Raw data:
______

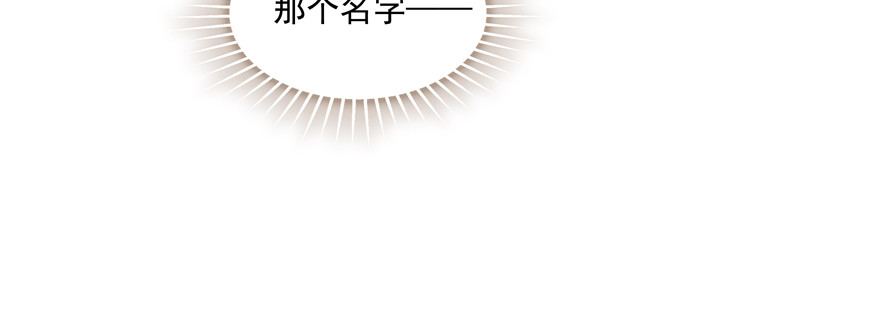 你到底是什么来历17
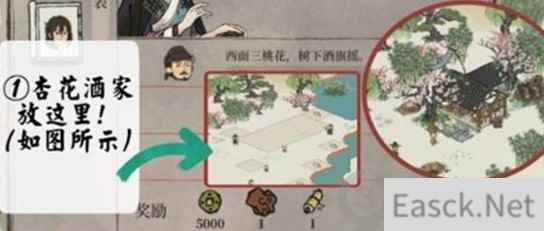 江南百景图库楼任务玩法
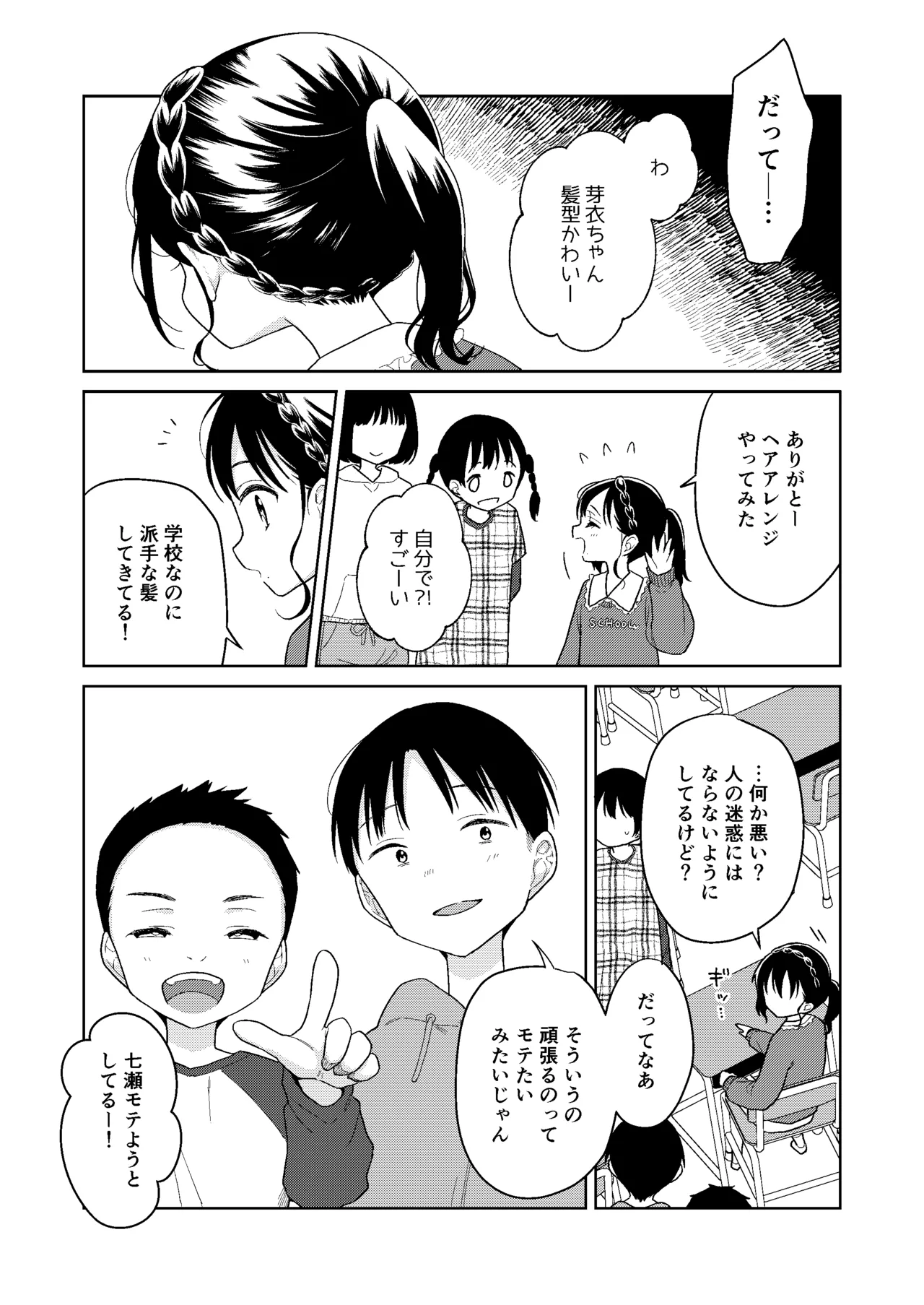 TS少女ハルキくん総集編・上 - page179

______

Task statement: The entire listing is to be printed exactly, with each picture omitted.

Expected answer:
 你到底是什么来历17
 江南百景图库楼任务玩法
 TS少女ハルキくん総集編・上 - page179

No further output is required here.